(Dataset entries)

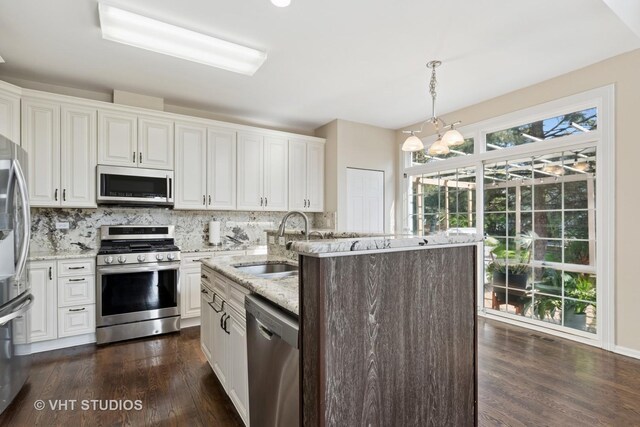 kitchen featuring stainless steel appliances, a sink, white cabinets, and backsplash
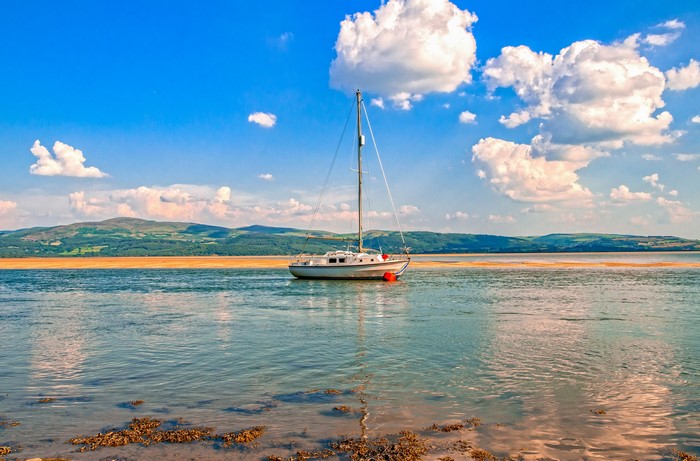 Sailboat anchored in a bay with mountains in the background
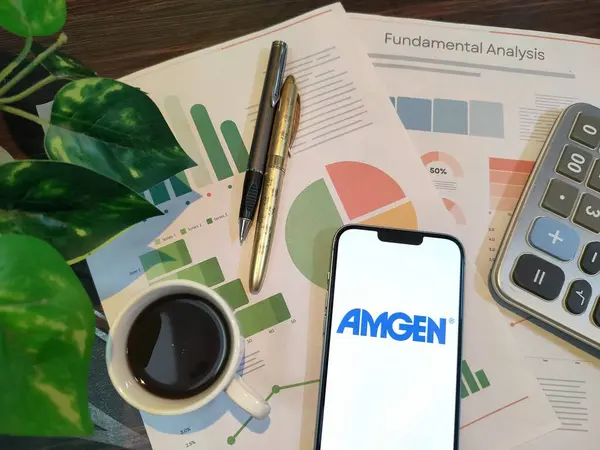 New York, ABD - 15 Aralık 2024: Finansal içgörü için akıllı telefonunda AMGEN logosu bulunan grafikler, grafikler, hesap makinesi ve kahvenin yer aldığı AMGEN borsa analizi üzerine seçici odaklanma
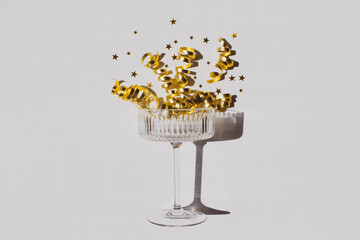 Champagne glass, serpentine and golden stars on white background. Shiny greeting card for Christmas, wedding or birthday party.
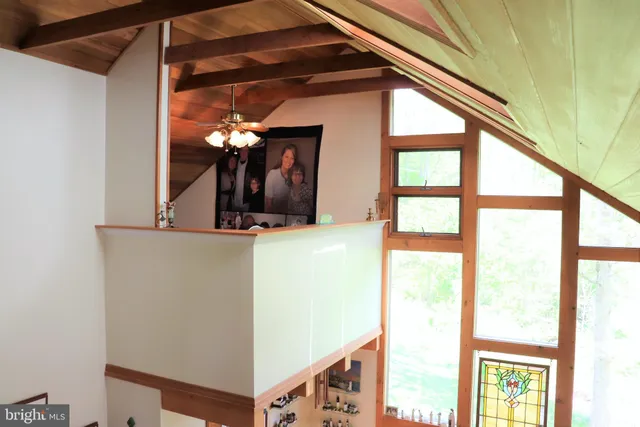 a view of a livingroom with furniture and a window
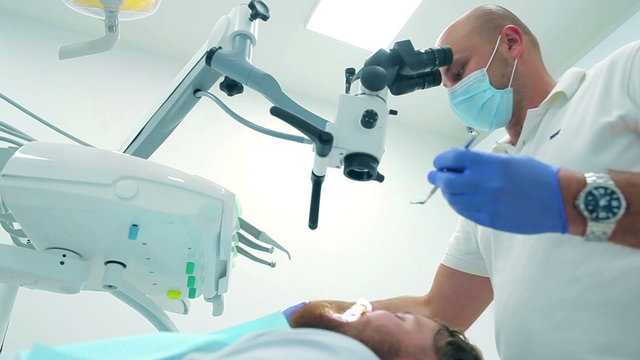 Professional dentist examining the patient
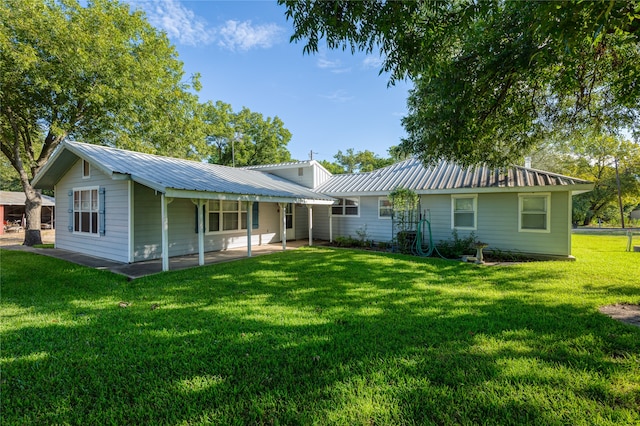 rear view of house with a lawn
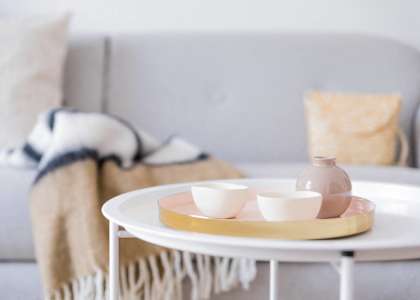 a tray with two cups and a vase on a table in a living room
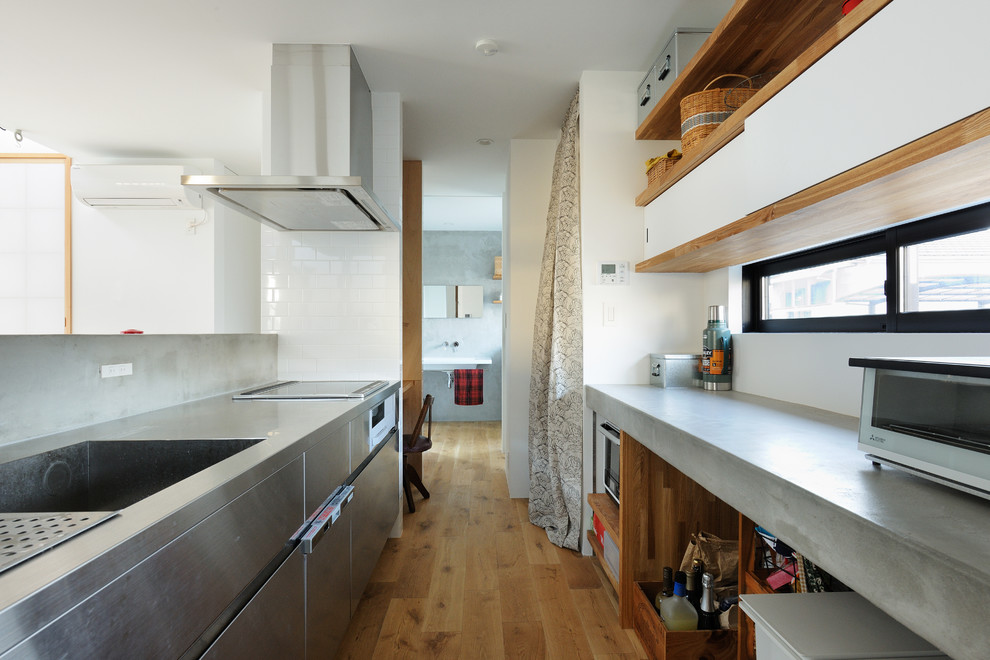 他の地域にあるアジアンスタイルのおしゃれなII型キッチン (一体型シンク、フラットパネル扉のキャビネット、ステンレスキャビネット、ステンレスカウンター、白いキッチンパネル、ガラスまたは窓のキッチンパネル、シルバーの調理設備、茶色い床、グレーのキッチンカウンター、淡色無垢フローリング) の写真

◆ Work order ◆
Since the copy should hold text only, set down each record exactly and leave the pictures out.

◆ Result for this task ◆
 kitchen featuring stainless steel appliances, a sink, white cabinets, and backsplash
 Sailboat anchored in a bay with mountains in the background
 New York, ABD - 15 Aralık 2024: Finansal içgörü için akıllı telefonunda AMGEN logosu bulunan grafikler, grafikler, hesap makinesi ve kahvenin yer aldığı AMGEN borsa analizi üzerine seçici odaklanma
 Champagne glass, serpentine and golden stars on white background. Shiny greeting card for Christmas, wedding or birthday party.
 a view of a livingroom with furniture and a window
 Professional dentist examining the patient
 rear view of house with a lawn
 a tray with two cups and a vase on a table in a living room
 他の地域にあるアジアンスタイルのおしゃれなII型キッチン (一体型シンク、フラットパネル扉のキャビネット、ステンレスキャビネット、ステンレスカウンター、白いキッチンパネル、ガラスまたは窓のキッチンパネル、シルバーの調理設備、茶色い床、グレーのキッチンカウンター、淡色無垢フローリング) の写真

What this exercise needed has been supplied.